The image processing apparatus 101 determines whether the color information 401 is to be transmitted (step S904). A determination process of determining whether the color information 401 is to be transmitted will be described later with reference to FIG. 12. If the color information 401 is to be transmitted (step S904: YES), the image processing apparatus 101 creates the positional information packet 300, which includes the positional information 302 and has the color information flag 301 set to “1” (step S905). The image processing apparatus 101 encodes and transmits the positional information packet 300 to the information processing apparatus 102 (step S906).
The image processing apparatus 101 creates the color information packet 400, which includes the color information 401 (step S907). The image processing apparatus 101 encodes and transmits the color information packet 400 to the information processing apparatus 102 (step S908). The image processing apparatus 101 returns to the operation at step S901.

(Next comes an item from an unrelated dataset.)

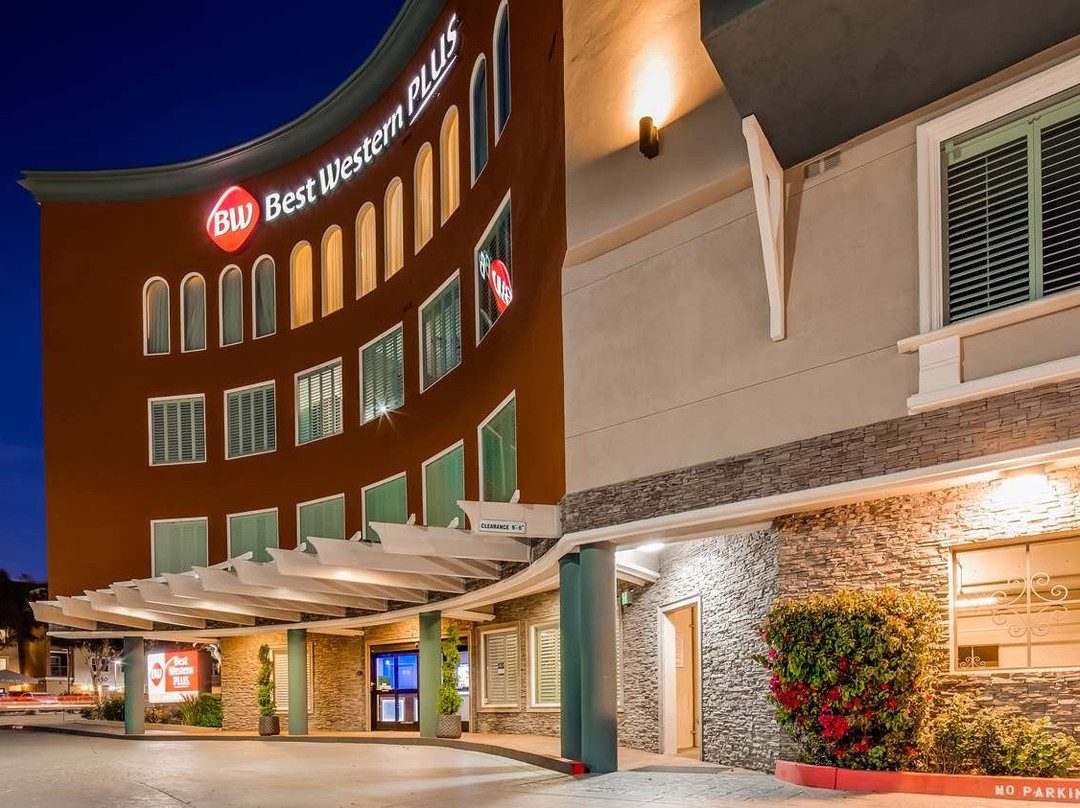 贝斯特韦斯特普拉斯阿维塔套房酒店主图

On the other hand, if the color information 401 is not to be transmitted (step S904: NO), the image processing apparatus 101 creates the positional information packet 300, which includes the positional information 302 and has the color information flag 301 set to “0” (step S909). The image processing apparatus 101 encodes and transmits the positional information packet 300 to the information processing apparatus 102 (step S910). The image processing apparatus 101 returns to the operation at step S901.
As a result, the image processing apparatus 101 can transmit the positional information packet 300 to the information processing apparatus 102 to cause the information processing apparatus 102 to display the regions having the same shapes as the respective regions of the multiple regions divided from the image. The image processing apparatus 101 can transmit the positional information packet 300 and the color information packet 400 to the information processing apparatus 102 to cause the information processing apparatus 102 to display the image.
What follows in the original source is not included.